Years in active : From 1952 To 1972
Country of resident : Lebanon
City : Beirut
Gender : Male
Date of birth : 7/8/1936


Ghassan Fayiz Kanafani was born in 1936 in the then Acre (Akka), British Mandate of Palestine. His father was a lawyer, and sent Ghassan to French missionary school in Jaffa.

During the 1948 Arab-Israeli War, Kanafani and his family were forced into exile, a part of the Palestinian exodus. Their home city became part of Israel.

The family initially fled north to neighbouring Lebanon, less than 11 miles north, but soon moved on to Damascus, Syria, to live there as Palestinian refugees. Kanafani completed his secondary education in Damascus, receiving a United Nations Relief and Works Agency for Palestine Refugees (UNRWA) teaching certificate in 1952.

Ghassan Kanafani began writing short stories when he was working in the refugee camps. Often told as seen through the eyes of children, the stories manifested out of his political views and belief that his students’ education had to relate to their immediate surroundings. While in Kuwait, he spent much time reading Russian literature and socialist theory, refining many of the short stories he wrote, winning a Kuwaiti prize.

Kanafani published his first novel, Men in the Sun in Beirut in 1962. He also wrote a number of scholarly works on literature and politics. His thesis, Race and Religion in Zionist Literature, formed the basis for his 1967 study On Zionist Literature.

Considered a major modernizing influence on Arab literature and still a major figure in Palestinian literature today, Kanafani was an early proponent of complex narrative structures, using flashback effects and a chorus of narrator voices for effect. His writings focused mainly on the themes of Palestinian liberation and struggle, and often touched upon his own experiences as a refugee. He was, as was the PFLP, a Marxist, and believed that the class struggle within Palestinian and Arab society was intrinsically linked to the struggle against Zionism and for a Palestinian state.

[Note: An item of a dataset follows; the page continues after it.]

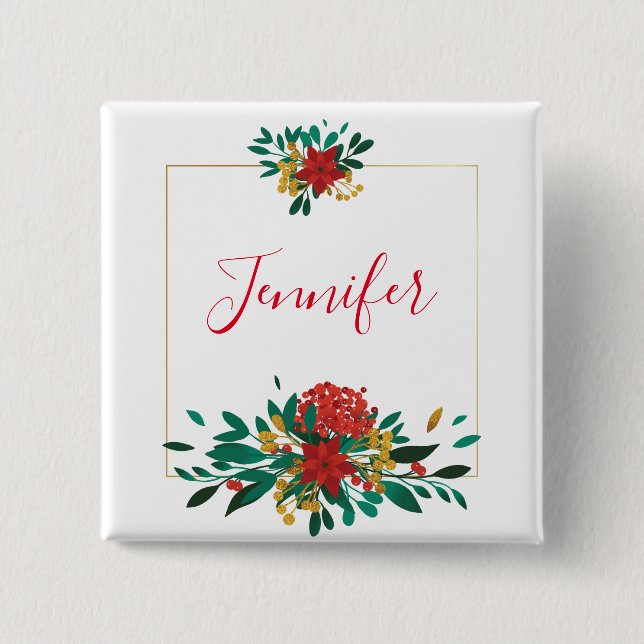 Modern Red Green & Gold Christmas Floral 15 Cm Square Badge (Front)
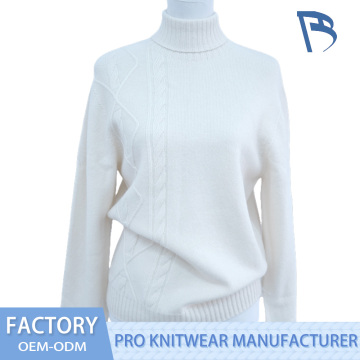 Cream Turtleneck Cable Knit Sweater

Also an active literary critic, Kanafani’s seminal work, Palestinian Literature Under Occupation, 1948-1968, introduced Palestinian writers and poets to the Arab world. He also wrote a major critical work on Zionist and Israeli literature. In the spirit of Jean-Paul Sartre, he called for an engaged literature which would be committed to change.

Achievements and Awards

The same year he enrolled in the Department of Arabic Literature at the University of Damascus and began teaching in UNRWA schools in the refugee camps. Before he could complete his degree, Kanafani was expelled from the university and exiled to Kuwait for his political affiliations – [1] a result of his involvement in the Arab Nationalist Movement (ANM), a left-wing pan-Arab organization to which he had been recruited by Dr. George Habash when the two met in 1953. Some biographers, however, do not believe Kanafani was ever expelled, but simply moved to Kuwait, where he worked as a teacher and became more politically active. In Kuwait he edited al-Ra’i (The Opinion), which was an ANM-affiliated newspaper, and also became interested in Marxist philosophy and politics.

In 1960, he relocated once again to Beirut, where he began editing the ANM mouthpiece al-Hurriya. In 1961, he met Anni Høver, a Danish children’s rights activist, with whom he had two children. In 1962, Kanafani briefly had to go underground, since he, as a stateless person, lacked proper identification papers. He reappeared in Beirut later the same year, and took up editingship of the Nasserist newspaper al-Muharrir (The Liberator). He went on to become an editor of another Nasserist newspaper, al-Anwar (The Illumination), in 1967.